[Recorded data]
○ ○ ○ ○ ○ ○ ○

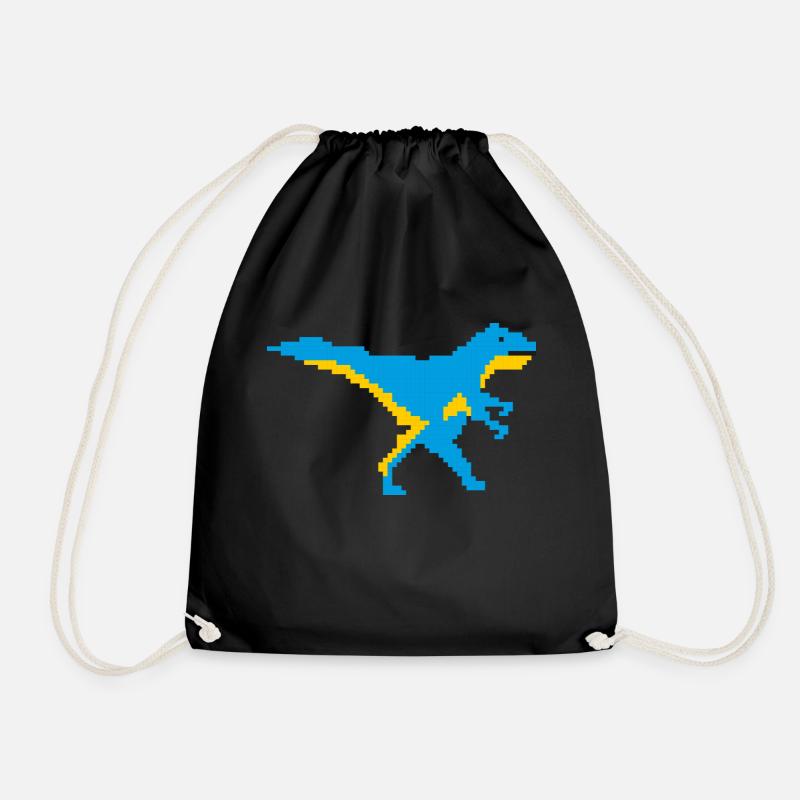  Mosaic Dino - Drawstring Bag - black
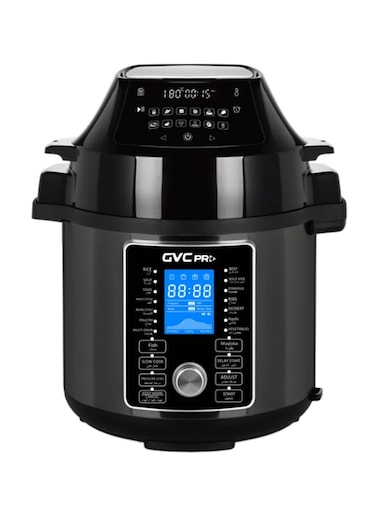 طباخة ضغط وقلاية هواء 2 في 1، شاشة رقمية، أدوات مندي، وعاء جرانيت، 220-240 فولت، 6 لتر، 1800 واط GVPC-2600DG، أسود
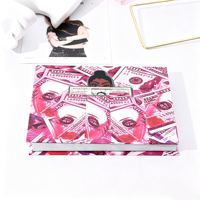 Boîtes d'emballage en carton personnalisées OEM avec logo imprimé UV pour kit de cils, éponge à l'intérieur avec miroir, boîtes à cils pliables pour kit DIY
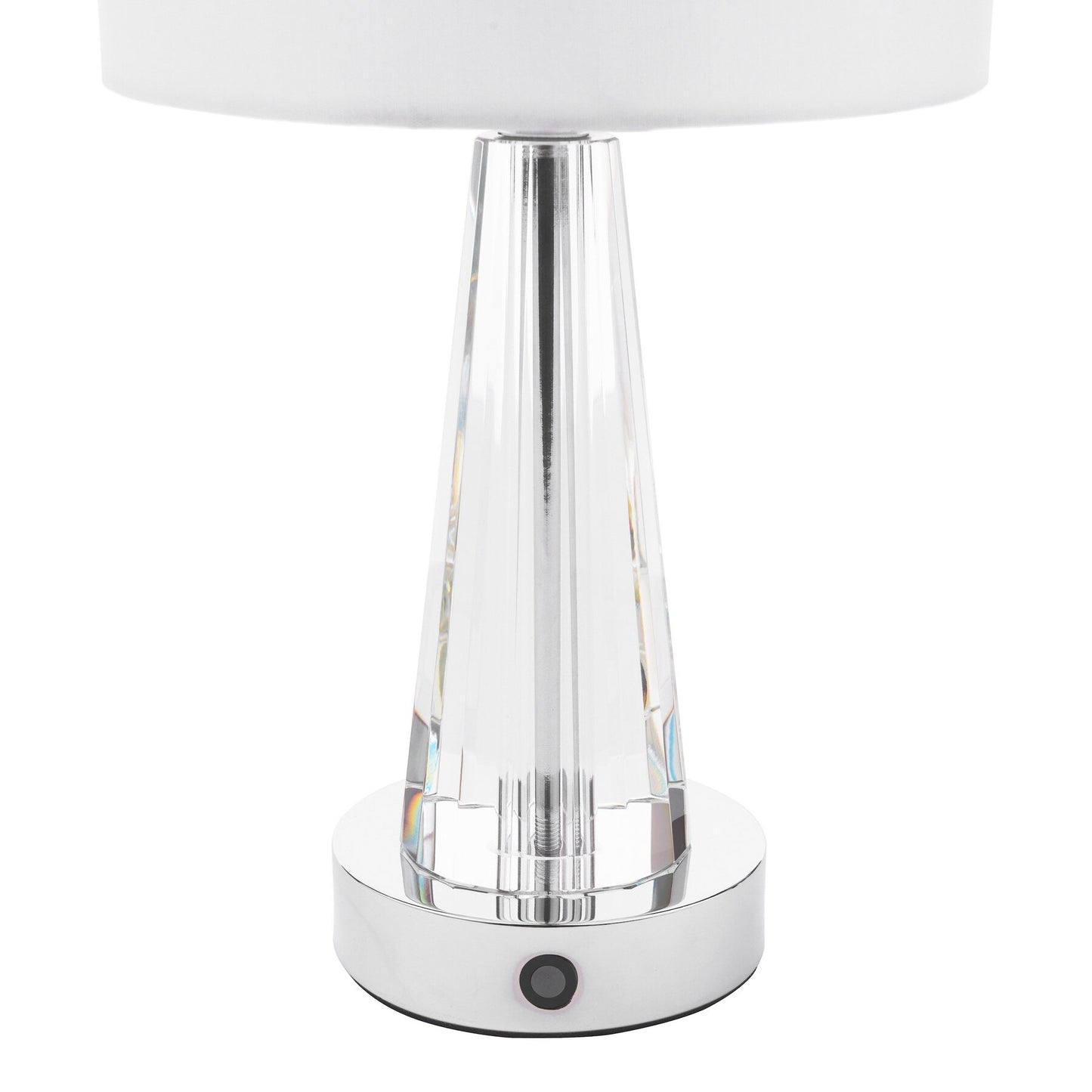 Laura Ashley Blake Polished Chrome & Crystal LED Rechargeable Table Lamp With Shade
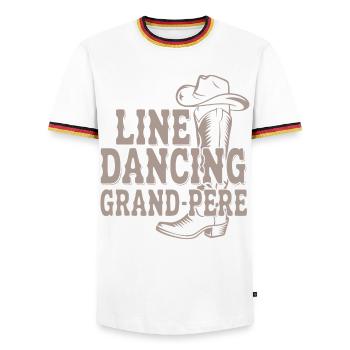 Western Cowboy Boot Design for Grandpa - Men's Ringer Shirt - white/tricolour - Front - AI Model Female 172 light (172cm) & AI Model Male 185 light (185cm)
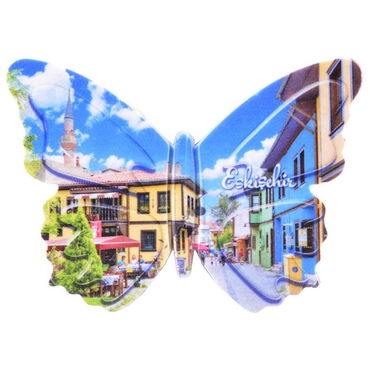 Eskisehir Themed Customised UV Printed Plastic Base Butterfly Shaped Fridge Magnet 80x58 mm - 3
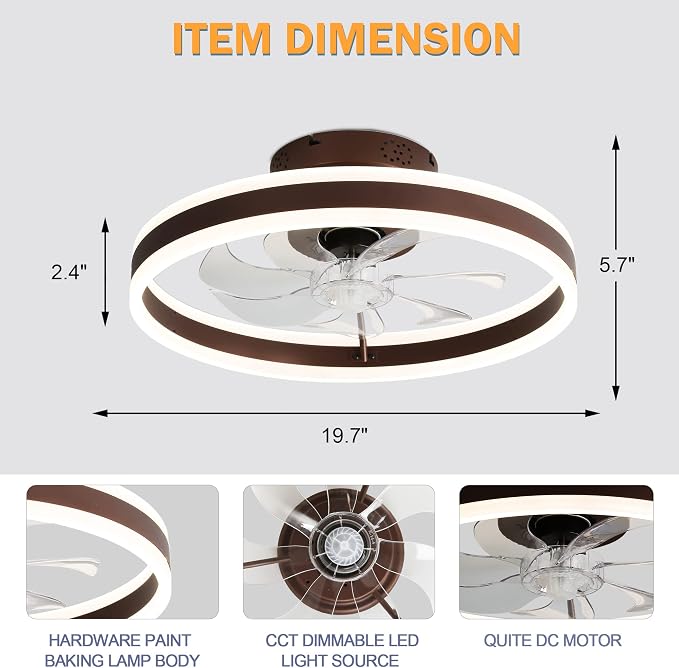 20" Round Flush Mount Ceiling Fan with Lights, Modern Dimmable LED Low Profile Fan,Multi-Speed and Timing with Remote Control for Kids Bedroom/Dining Room/Kitchen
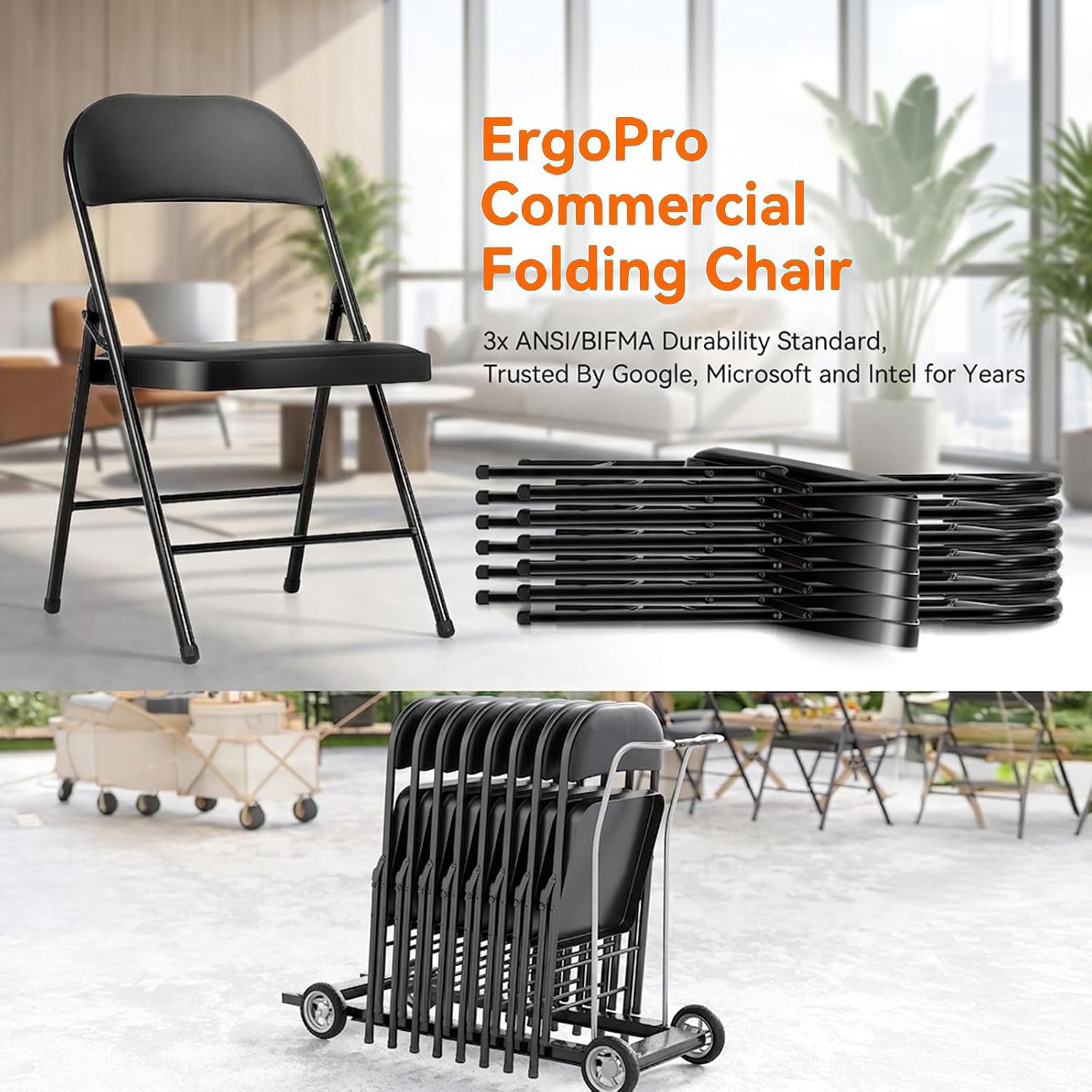 Fenbeli Padded Folding Chairs Set of 6 for Event Hosts, Holds 330 lb Each, Cushioned PU Leather Folding Party Chairs with Double-Braced Steel Frame, Fold Flat for Parties Church Events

○ ○ ○ ○ ○ ○ ○

Aim of the exercise » Nothing should appear in the answer except the lines from the first line of the data through the line holding "طباخة ضغط وقلاية", exactly as written, with pictures left out.

Output for this exercise »
  Mosaic Dino - Drawstring Bag - black
 طباخة ضغط وقلاية هواء 2 في 1، شاشة رقمية، أدوات مندي، وعاء جرانيت، 220-240 فولت، 6 لتر، 1800 واط GVPC-2600DG، أسود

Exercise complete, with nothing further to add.